** How to complete this task **
Leave the pictures out and quote every line from the start of the listing to the line with "Mastoplastica additiva - Dott. Massimo Re", inclusive.
[Data shown — start]
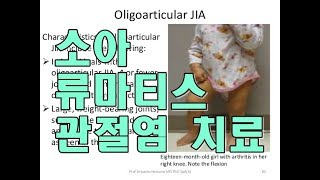 소수 관절형 소아류마티스 관절염 치료사례juvenile idiopathic arthritis [upl. by Ivgnout]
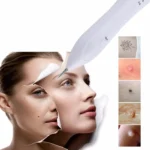 Dark Spot Remover USB Laser Plasma Pen Facial Freckle Wart Removal Beauty Care Device - Image 10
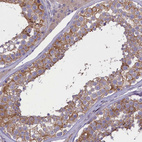 Anti-CORO2A Antibody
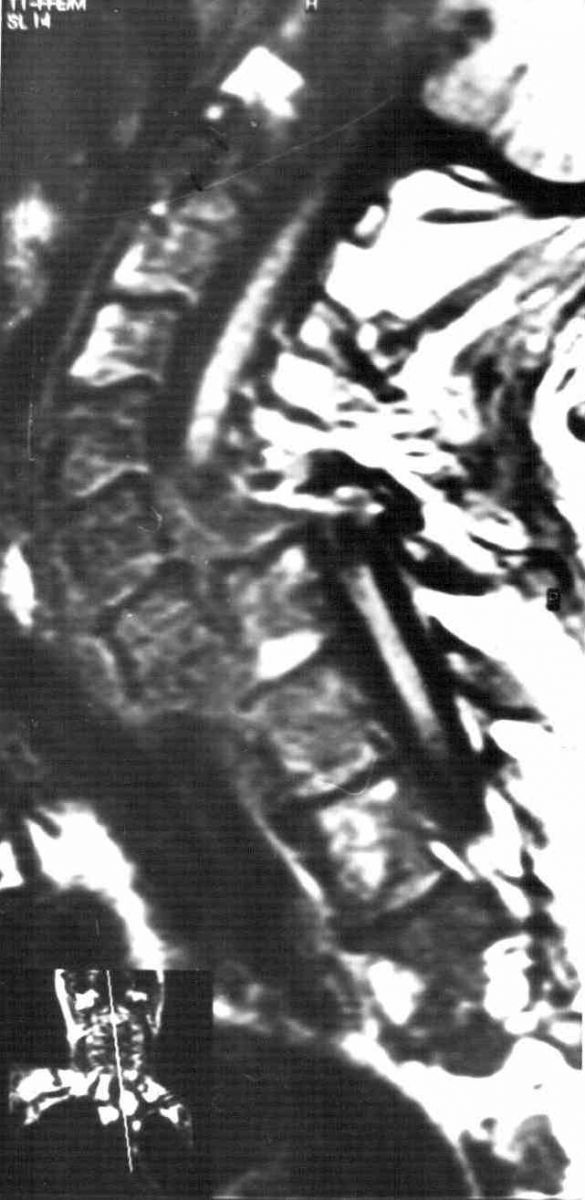 Повреждения позвоночника, осложненные травмой спинного мозга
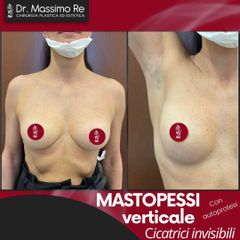 Mastoplastica additiva - Dott. Massimo Re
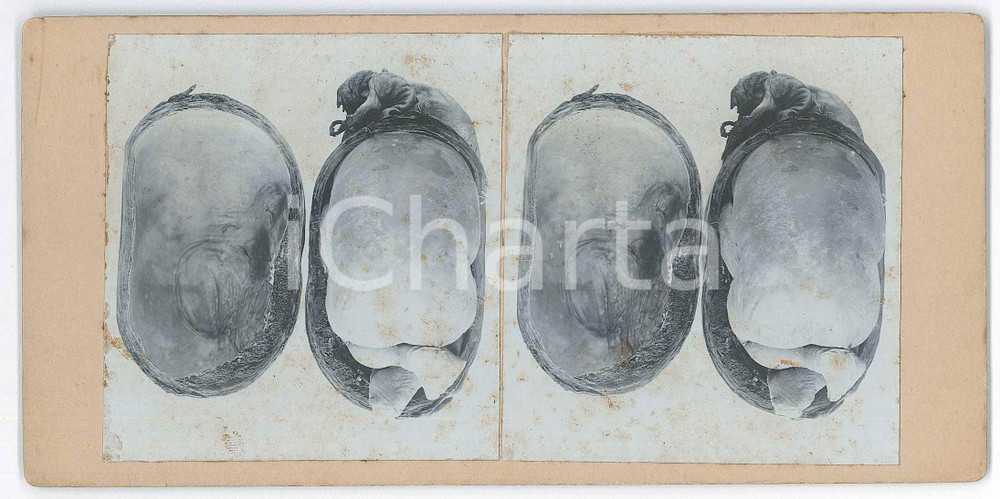 1910 ca DISEASES - Abortion - Foetuses *RARE MEDICAL Stereoview (2) Fotografia stereoscopica d'epoca, su cartoncino rigido. FAIR/discreto fioriture Formato: 18x9 cm originale e autentica 1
[Data shown — finish]
** Solved problem **
 소수 관절형 소아류마티스 관절염 치료사례juvenile idiopathic arthritis [upl. by Ivgnout]
 Dark Spot Remover USB Laser Plasma Pen Facial Freckle Wart Removal Beauty Care Device - Image 10
 Anti-CORO2A Antibody
 Повреждения позвоночника, осложненные травмой спинного мозга
 Mastoplastica additiva - Dott. Massimo Re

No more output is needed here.